13 Abril 2018
“O Papa espera reunir-se novamente com os bispos chilenos em Roma e esperamos que, nesta ocasião, os problemas a serem resolvidos sejam realmente resolvidos. É quase óbvio que o bispo Barros terá que deixar o cargo. Mas só ele? Que informações chegaram a Francisco no relatório de Scicluna que poderiam servir para o episcopado livrar-se da dolorosa situação em que se encontra? A saída de Barros, a esta altura, é quase irrelevante. O problema do episcopado chileno é antigo e muito maior. Do contrário, Barros não seria bispo de Osorno”, escreve Jorge Costadoat, teólogo jesuíta chileno, em artigo publicado por Religión Digital, 12-04-2018. A tradução é de André Langer.

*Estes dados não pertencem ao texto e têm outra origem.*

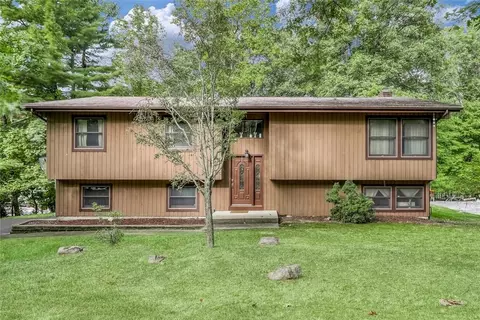 17 Landau Ln, Ramapo, NY 10977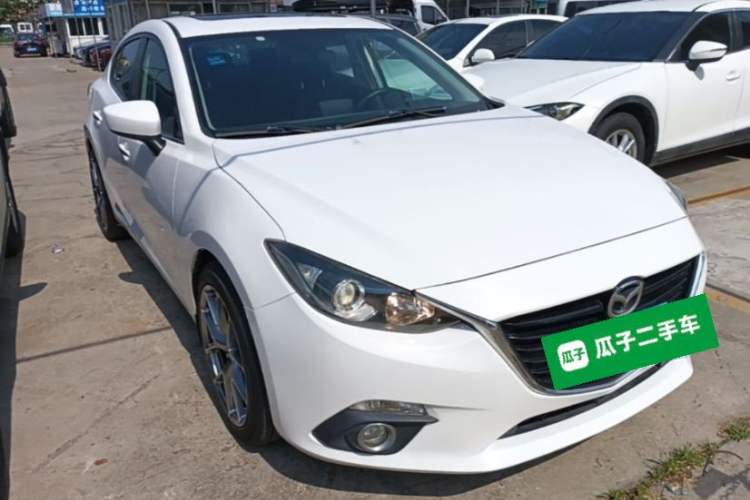 Used Mazda 3 Axela 2014 Sedan 2.0L Automatic Flagship Model Front Right 45 Deg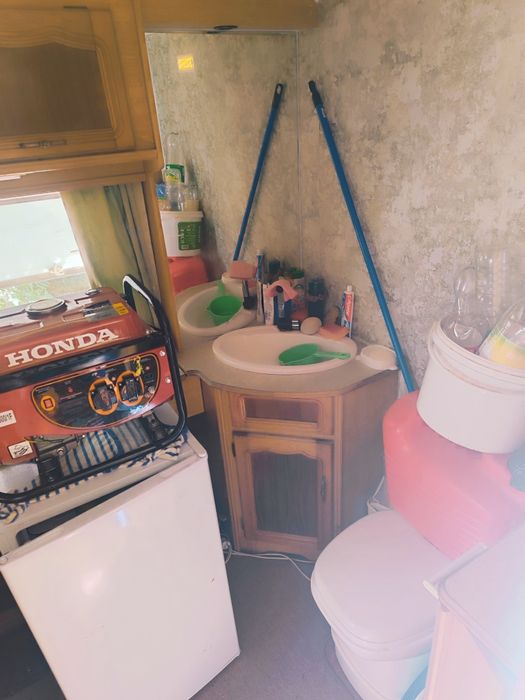 Продам Каравану прицеп дом на колесах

Segundo ele, "está chegando a hora em que as Igrejas locais devem ter uma palavra decisiva na escolha de suas autoridades. Os leigos também teriam que ter mais de um voto. E, certamente, direito a veto, que os osorninos exerceram. Não se pode admitir os bispados 'serem obtidos' na corte vaticana após anos de escalada, churrascos e coquetéis nas nunciaturas. Qual é o peso que as famosas cartas do temível cardeal Medina tiveram nas nomeações de bispos?"
O Papa Francisco declarou: “... Incorri em graves erros de avaliação e percepção da situação, especialmente por falta de informações verdadeiras e equilibradas”. A carta que Francisco enviou aos bispos chilenos continua: “E desde já peço perdão a todos aqueles que ofendi...”. O Papa acerta no tom e no fundo. Mas, acima de tudo, abre a esperança de uma solução para a crise do episcopado chileno e de uma recuperação da confiança nele por parte dos católicos e dos chilenos em geral. Mesmo assim, tudo o que aconteceu, o que certamente ainda não acaba, deixa problemas não resolvidos que afetam a Igreja em todo o mundo e que, no momento, custaram caro demais à Igreja chilena.
Vamos por ordem. Quem informou mal o Papa na nomeação e permanência no cargo do bispo Juan Barros? Quem não o fez saber com clareza que a situação dos abusos sexuais e de consciência do clero no Chile, especialmente os que ocorreram no círculo do Pe. Fernando Karadima, abalou o país? De acordo com a informação de que dispomos, não foram dom Ezzati ou dom Silva, os últimos presidentes da conferência, nem a própria conferência, nem muitos outros bispos.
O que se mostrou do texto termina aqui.